++++ MATERIAL SHOWN ++++

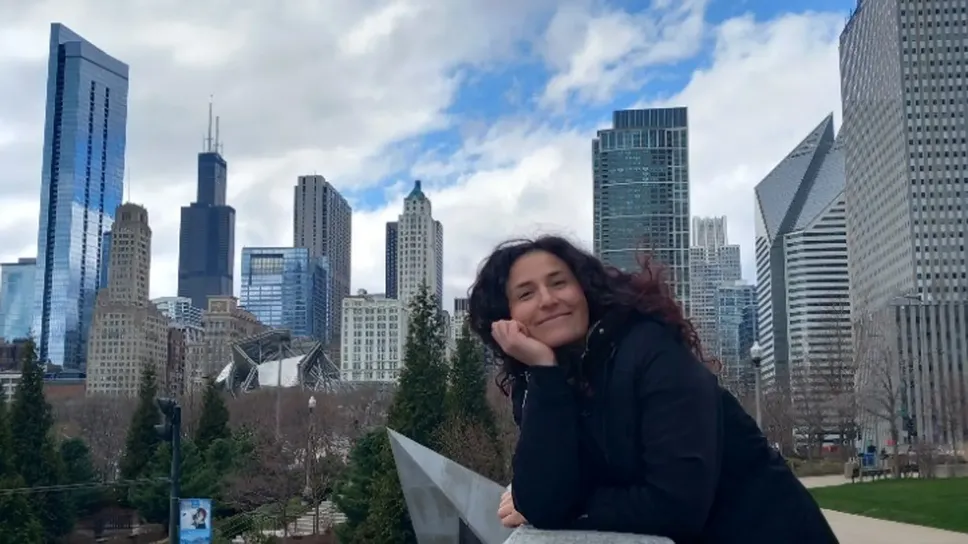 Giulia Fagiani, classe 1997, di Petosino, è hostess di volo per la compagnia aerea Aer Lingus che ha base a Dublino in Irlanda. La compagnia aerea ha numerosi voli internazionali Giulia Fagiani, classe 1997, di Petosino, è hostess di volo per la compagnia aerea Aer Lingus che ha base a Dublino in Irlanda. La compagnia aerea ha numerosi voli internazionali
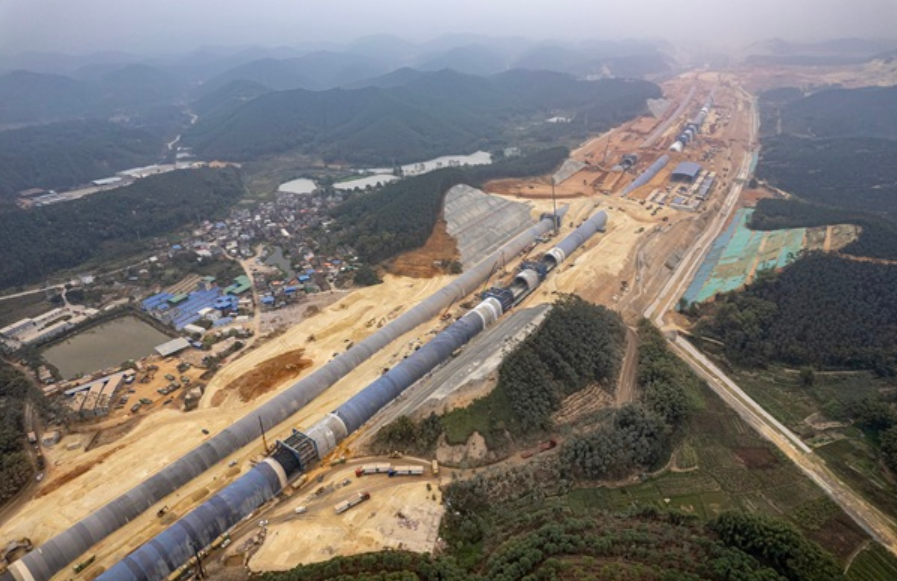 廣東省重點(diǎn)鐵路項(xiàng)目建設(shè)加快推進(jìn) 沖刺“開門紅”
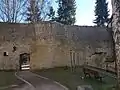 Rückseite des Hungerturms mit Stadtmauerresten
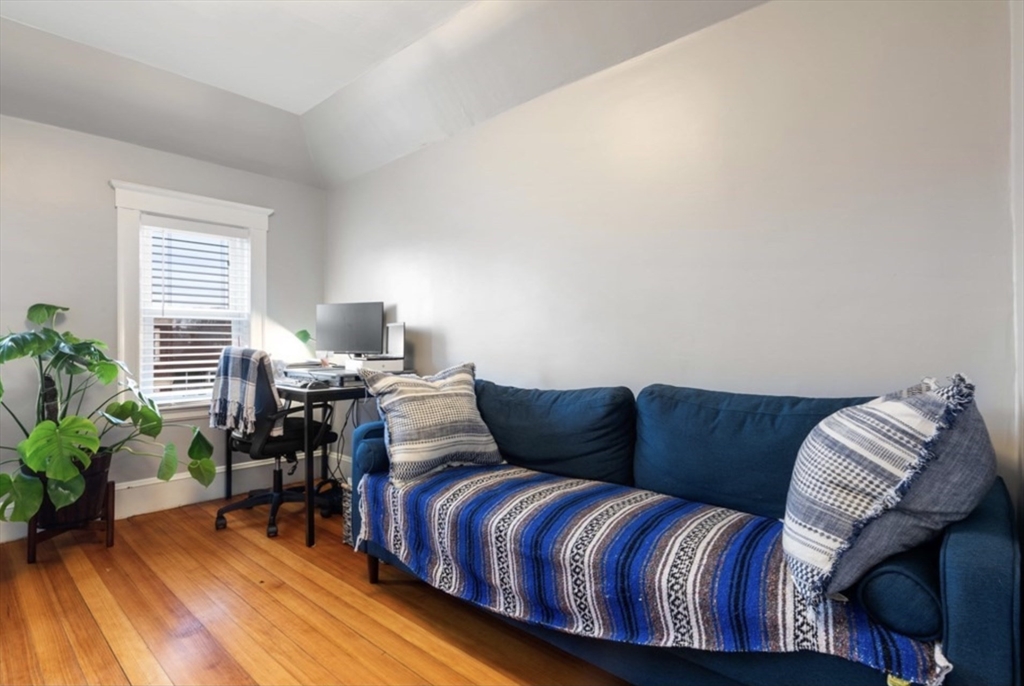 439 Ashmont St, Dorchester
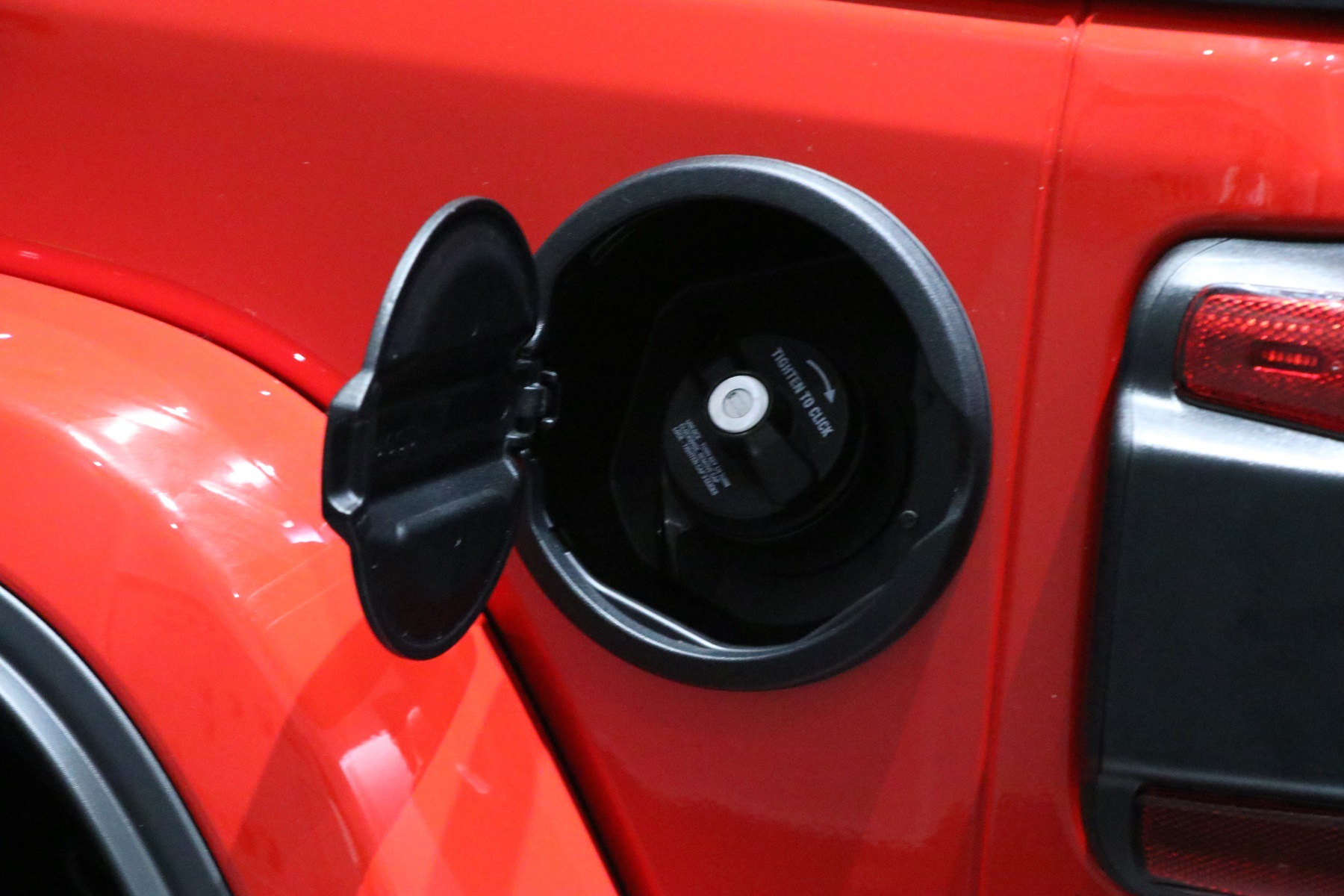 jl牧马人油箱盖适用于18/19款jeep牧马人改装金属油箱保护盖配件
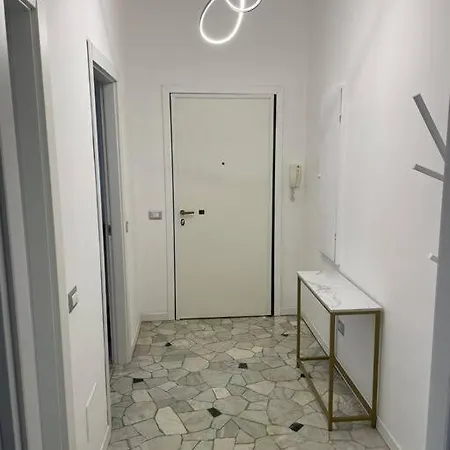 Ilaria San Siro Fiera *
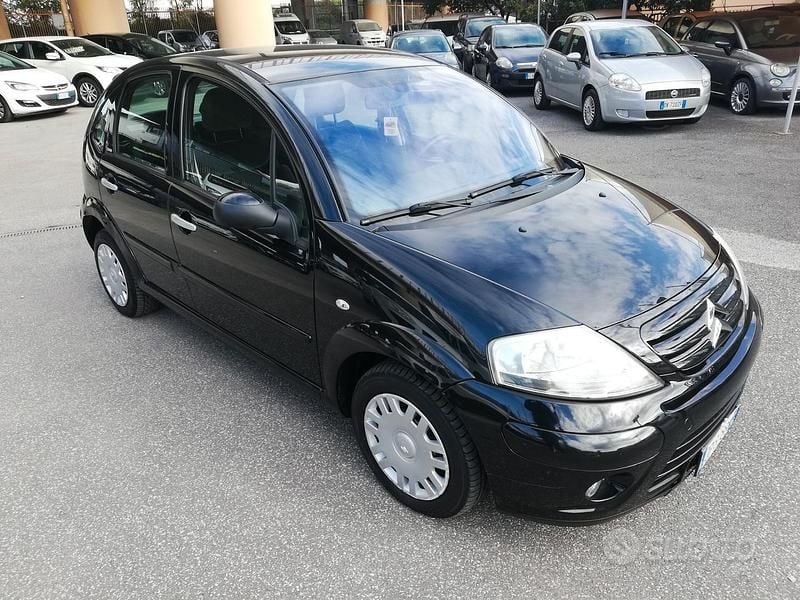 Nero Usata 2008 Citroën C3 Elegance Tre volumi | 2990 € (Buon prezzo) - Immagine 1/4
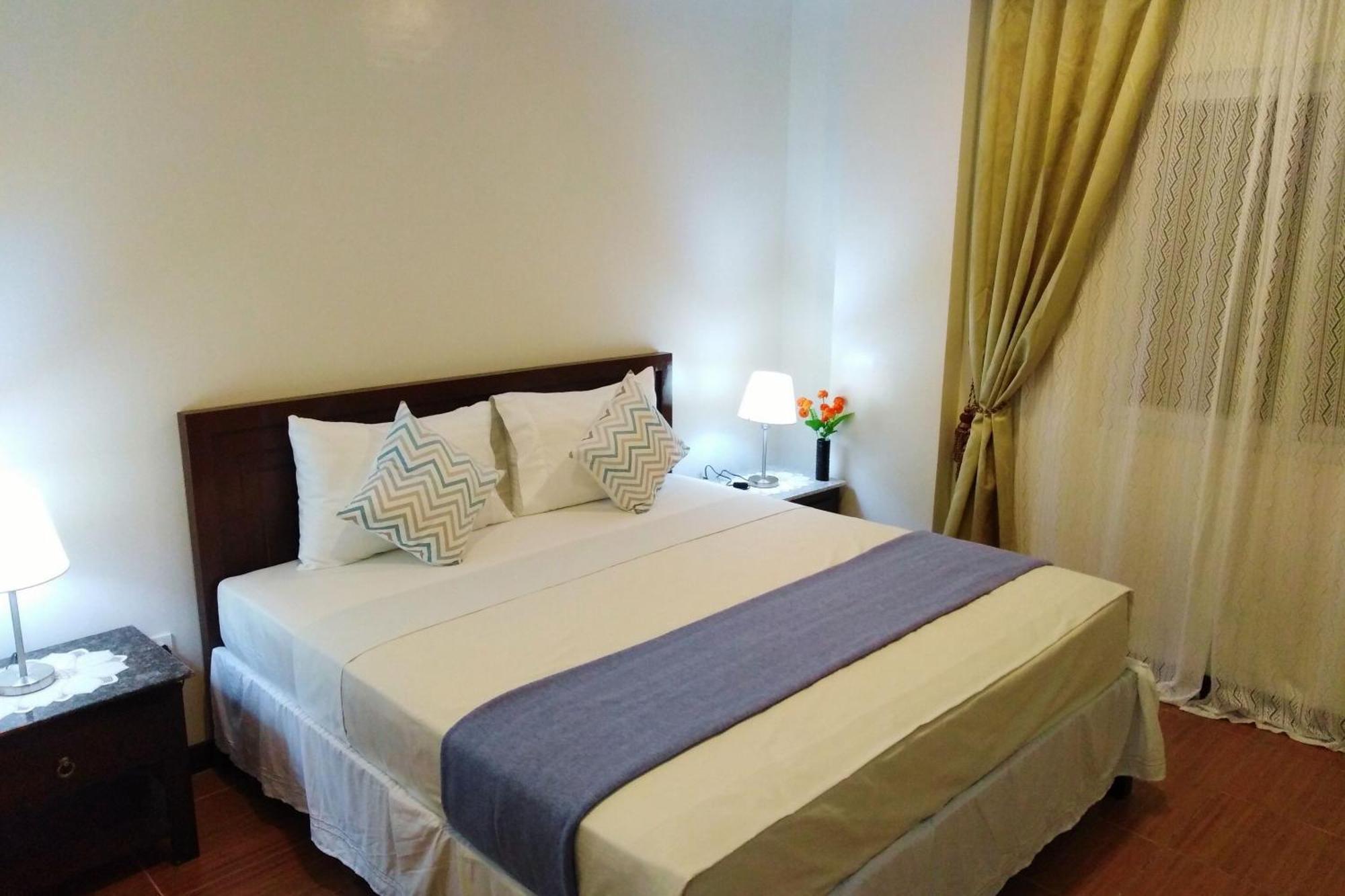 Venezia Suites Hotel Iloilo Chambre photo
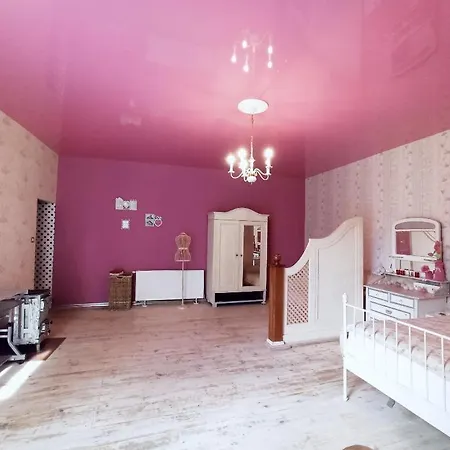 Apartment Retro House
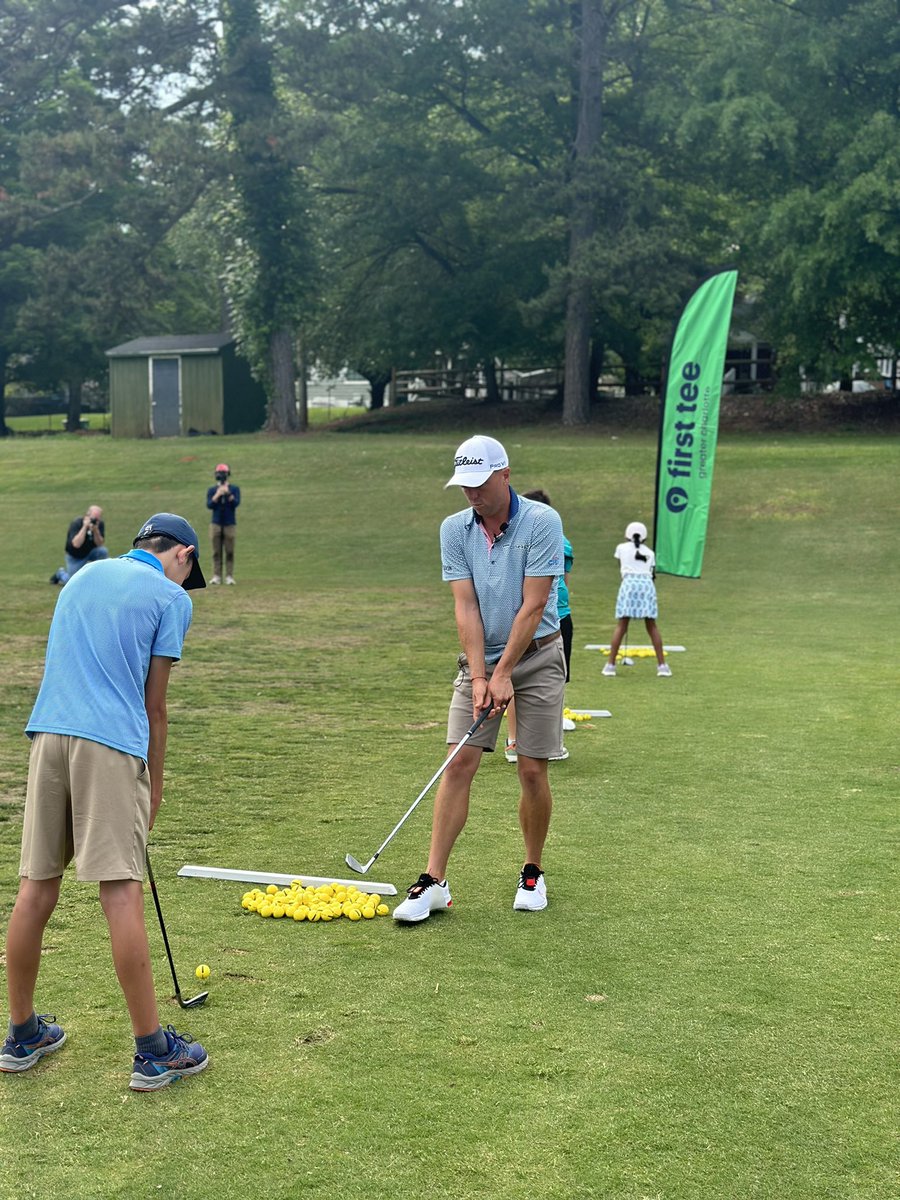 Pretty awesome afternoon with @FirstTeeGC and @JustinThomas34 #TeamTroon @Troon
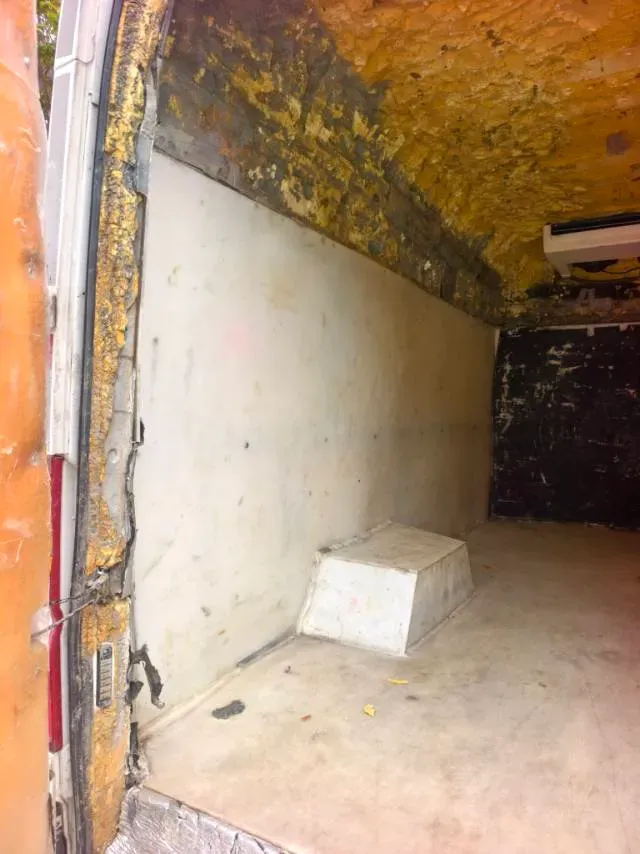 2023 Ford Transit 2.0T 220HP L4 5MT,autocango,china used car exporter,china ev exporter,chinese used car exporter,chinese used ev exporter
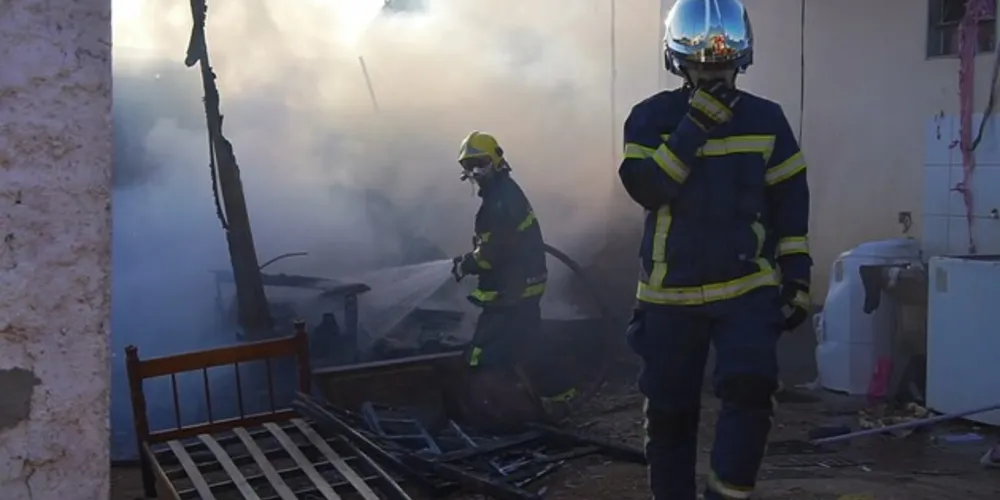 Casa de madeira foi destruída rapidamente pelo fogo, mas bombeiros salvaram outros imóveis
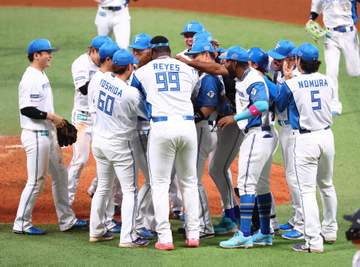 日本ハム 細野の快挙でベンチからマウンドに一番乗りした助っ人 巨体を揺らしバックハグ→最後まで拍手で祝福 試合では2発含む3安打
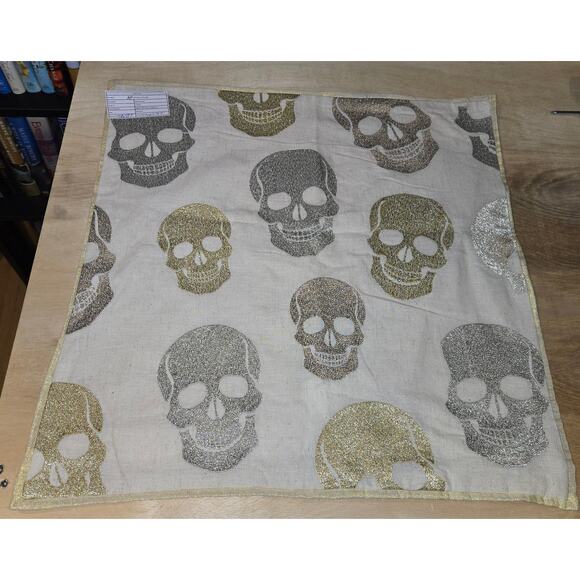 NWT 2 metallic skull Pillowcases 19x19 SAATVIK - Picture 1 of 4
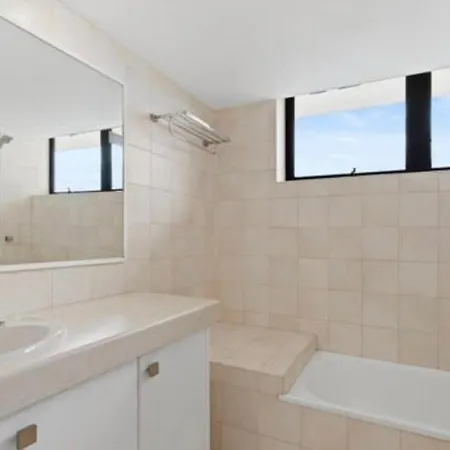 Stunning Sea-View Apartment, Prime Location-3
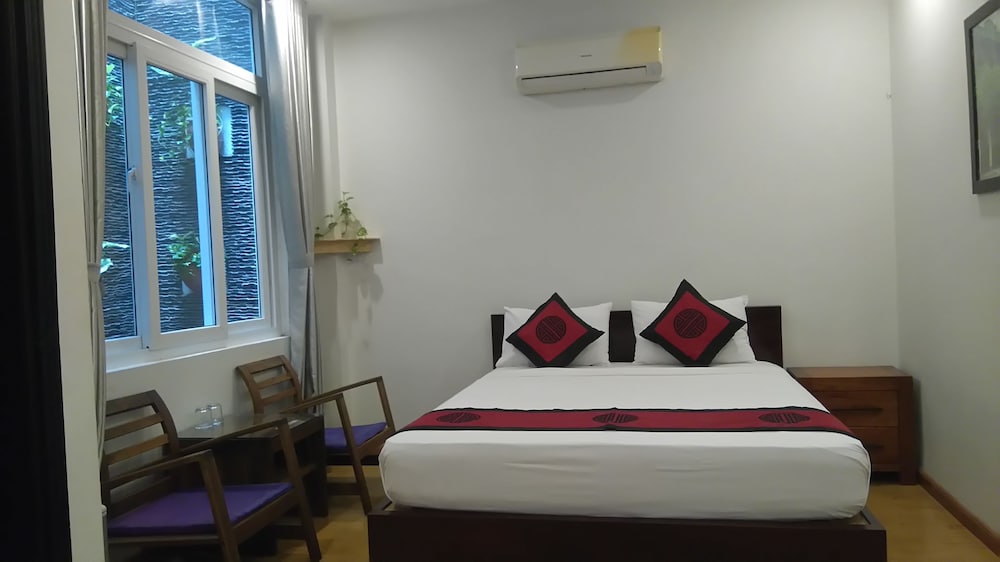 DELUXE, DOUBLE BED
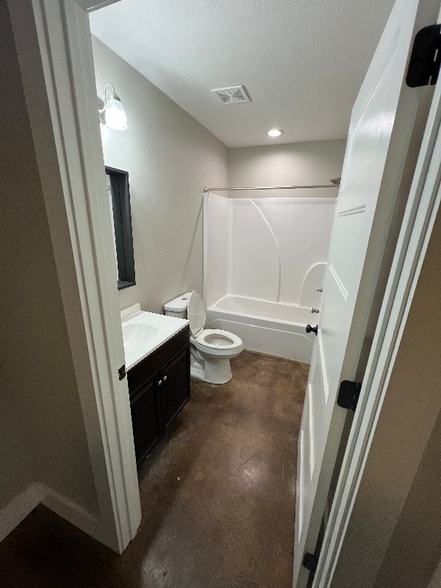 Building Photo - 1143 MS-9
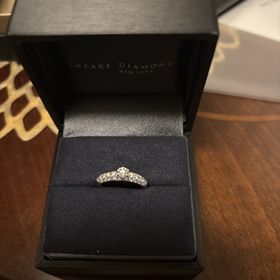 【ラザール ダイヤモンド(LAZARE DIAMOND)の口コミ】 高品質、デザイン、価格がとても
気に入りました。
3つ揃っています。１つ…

++++

▶ _INSTRUCTIONS FOR THE TASK_
With the pictures left out, output exactly the lines from the one with "Pretty awesome afternoon" through the end of the listing above, both ends included.

▶ _RESPONSE TO THE EXERCISE_
 Pretty awesome afternoon with @FirstTeeGC and @JustinThomas34 #TeamTroon @Troon
 2023 Ford Transit 2.0T 220HP L4 5MT,autocango,china used car exporter,china ev exporter,chinese used car exporter,chinese used ev exporter
 Casa de madeira foi destruída rapidamente pelo fogo, mas bombeiros salvaram outros imóveis
 日本ハム 細野の快挙でベンチからマウンドに一番乗りした助っ人 巨体を揺らしバックハグ→最後まで拍手で祝福 試合では2発含む3安打
 NWT 2 metallic skull Pillowcases 19x19 SAATVIK - Picture 1 of 4
 Stunning Sea-View Apartment, Prime Location-3
 DELUXE, DOUBLE BED
 Building Photo - 1143 MS-9
 【ラザール ダイヤモンド(LAZARE DIAMOND)の口コミ】 高品質、デザイン、価格がとても
気に入りました。
3つ揃っています。１つ…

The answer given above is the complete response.